-- Your goal --
Leaving out every picture, transcribe the lines from the line that contains "Table 2 - PCR" to the end of the entries below, both ends included.

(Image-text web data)
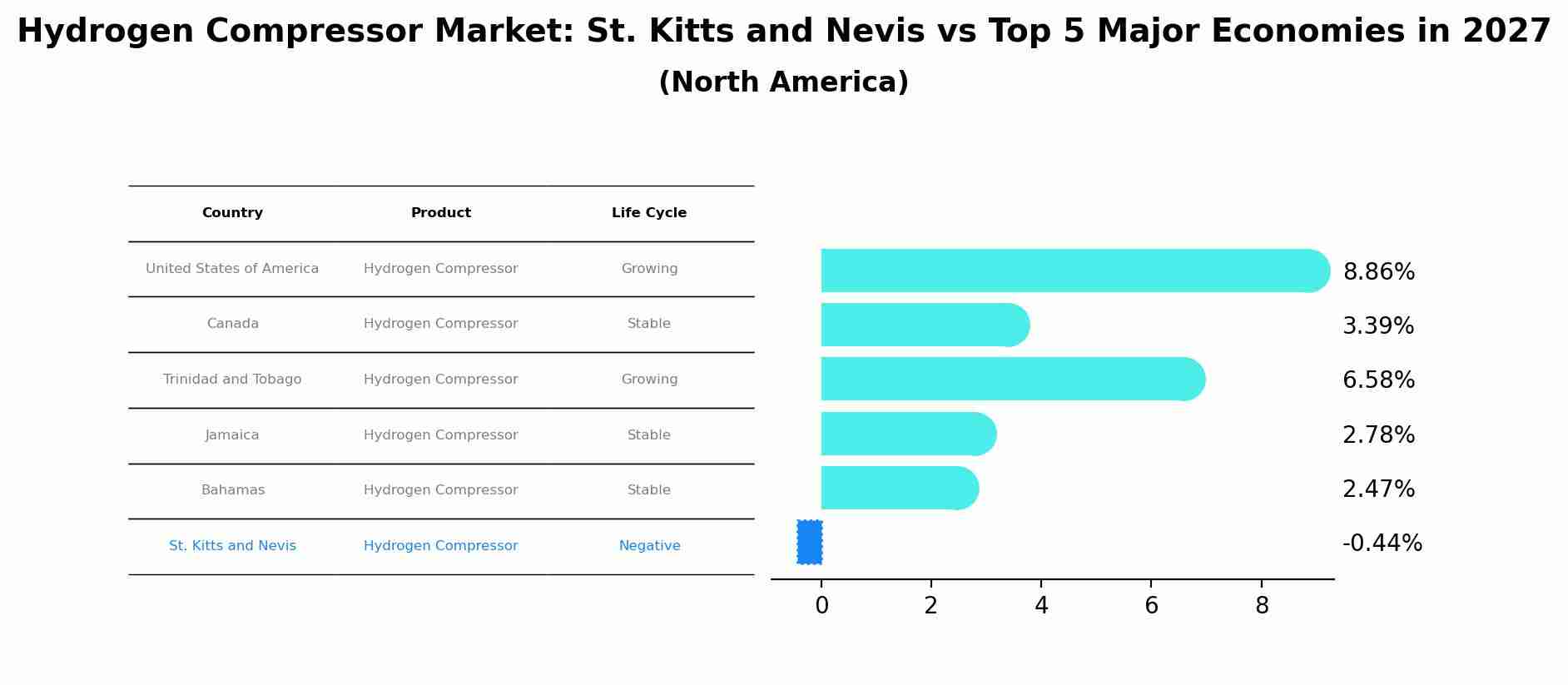 Hydrogen Compressor Market: St. Kitts and Nevis vs Top 5 Major Economies in 2027 (North America)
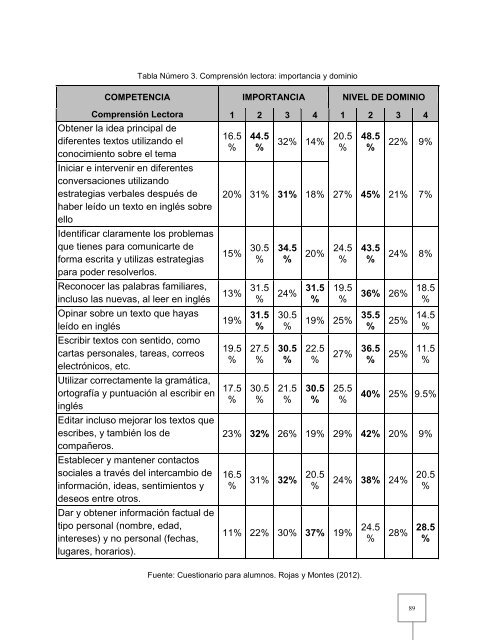 Evaluación diagnóstica de las competencias desarrolladas ... - Ifodes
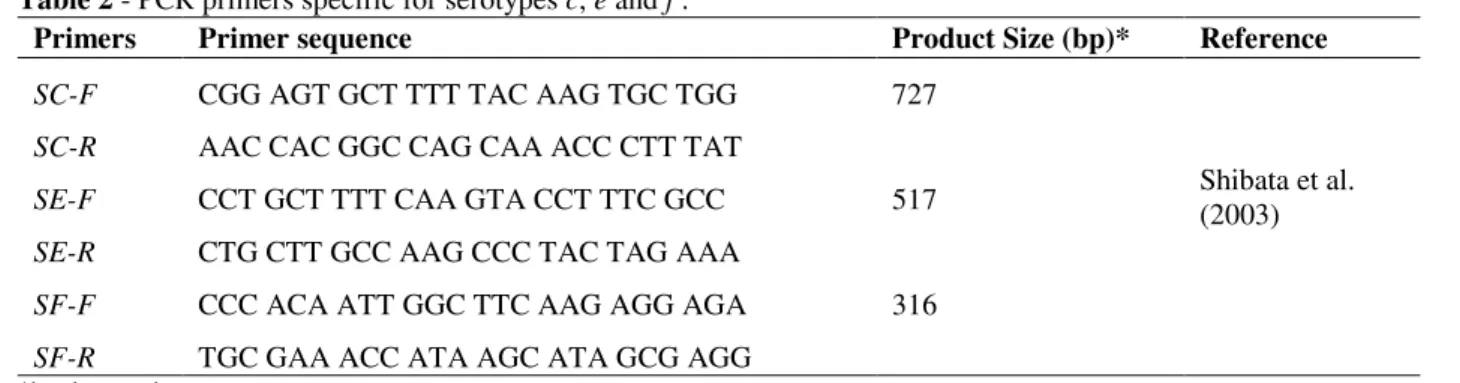 Table 2 - PCR primers specific for serotypes c, e and f . 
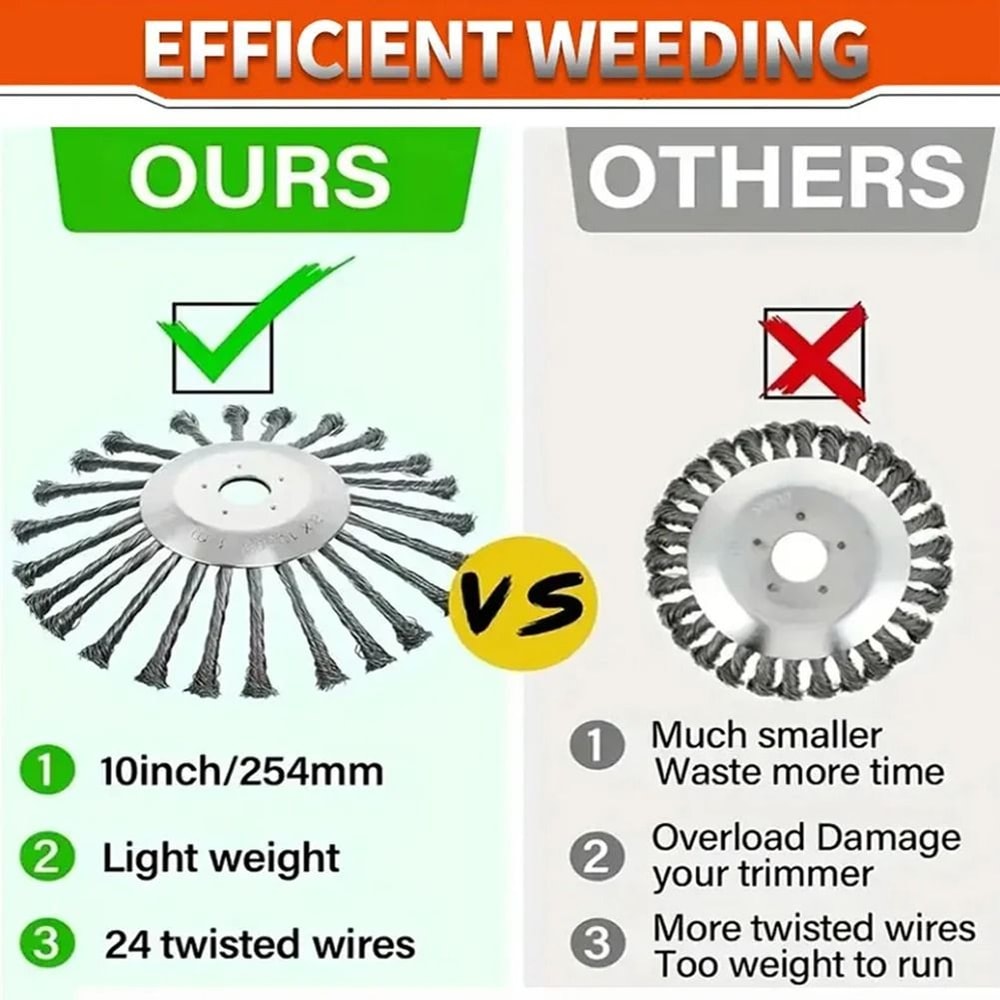 Stainless Steel Grass Trimmer Saw Blade Lawn Mower Cutting Disc 8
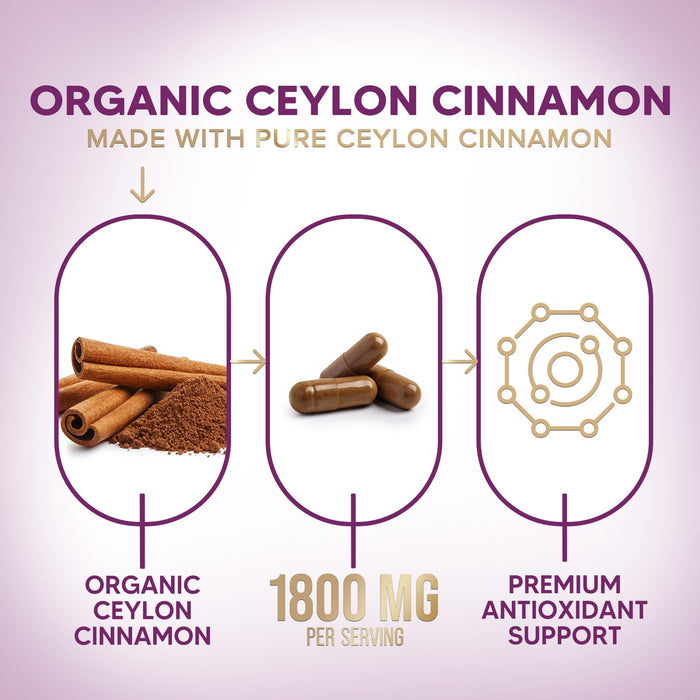 Ceylon Cinnamon Capsules 1800mg – 120 Capsules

-- The completed task --
 Table 2 - PCR primers specific for serotypes c, e and f . 
 Stainless Steel Grass Trimmer Saw Blade Lawn Mower Cutting Disc 8
 Ceylon Cinnamon Capsules 1800mg – 120 Capsules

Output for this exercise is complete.